These kits provide a fast, reliable and convenient method to purify and concentrate high quality, high purity and inhibitor-free cell-free circulating and exosomal RNA using a convenient spin column method. These kits can purify RNA from fresh or frozen serum or plasma samples prepared from blood collected on either EDTA or Citrate. Plasma samples prepared from blood collected on heparin should not be used, as heparin can significantly interfere with many downstream applications such as RT-PCR. The purified plasma/serum RNA is fully compatible with all downstream applications including PCR, qPCR, methylation-sensitive reverse transcription qPCR, reverse transcription PCR, Northern blotting, RNase protection and primer extension, expression array assays, and NGS. The EXTRAClean columns undergo stringent processing and rigorous quality control measures to minimize contamination traces, ensuring optimal results for sensitive applications such as NGS.

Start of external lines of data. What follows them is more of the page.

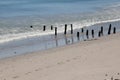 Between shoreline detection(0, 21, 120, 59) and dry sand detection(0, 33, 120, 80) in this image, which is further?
shoreline detection(0, 21, 120, 59)

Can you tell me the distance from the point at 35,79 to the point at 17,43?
523 inches

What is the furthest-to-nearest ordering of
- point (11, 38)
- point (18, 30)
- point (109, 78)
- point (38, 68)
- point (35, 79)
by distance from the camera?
point (18, 30) < point (11, 38) < point (38, 68) < point (35, 79) < point (109, 78)

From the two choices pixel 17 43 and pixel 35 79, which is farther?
pixel 17 43

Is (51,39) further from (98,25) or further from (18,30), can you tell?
(98,25)

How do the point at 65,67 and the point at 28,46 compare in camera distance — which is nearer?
the point at 65,67

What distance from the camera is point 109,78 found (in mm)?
11297

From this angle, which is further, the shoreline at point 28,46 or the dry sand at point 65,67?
the shoreline at point 28,46

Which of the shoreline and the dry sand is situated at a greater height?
the dry sand

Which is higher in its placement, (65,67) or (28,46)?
(65,67)

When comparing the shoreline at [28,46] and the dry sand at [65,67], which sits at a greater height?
the dry sand at [65,67]

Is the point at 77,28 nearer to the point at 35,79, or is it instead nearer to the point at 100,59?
the point at 100,59

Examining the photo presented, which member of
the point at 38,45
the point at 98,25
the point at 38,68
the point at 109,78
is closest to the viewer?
the point at 109,78

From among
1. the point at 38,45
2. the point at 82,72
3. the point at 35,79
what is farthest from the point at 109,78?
the point at 38,45

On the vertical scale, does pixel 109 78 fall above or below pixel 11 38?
above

Cell-free circulating RNA, including exosomal RNA in plasma or serum, has the potential to provide biomarkers for certain cancers and disease states, and includes tumor-specific extracellular RNA in the blood. Exosomes are 40 – 100 nm membrane vesicles, which are secreted by most cell types. Exosomes can be found in saliva, blood, urine, amniotic fluid and malignant ascitic fluids, among other biological fluids. Evidence has been accumulating recently that these vesicles act as cellular messengers, conveying information to distant cells and tissues within the body. The exosomes contain cell-specific proteins, lipids and RNAs, which are transported to other cells, where they can alter function and/or physiology. These exosomes may play a functional role in mediating adaptive immune responses to infectious agents and tumours, tissue repair, neural communication and transfer of pathogenic proteins. Recent work has demonstrated the presence of distinct subsets of microRNAs within exosomes which depend upon the tumour cell type from which they are secreted. For this reason, exosomal RNAs may serve as biomarkers for various diseases including cancer. As the RNA molecules encapsulated within exosomes are protected from degradation by RNAses, they can be efficiently recovered from biological fluids, such as plasma or serum.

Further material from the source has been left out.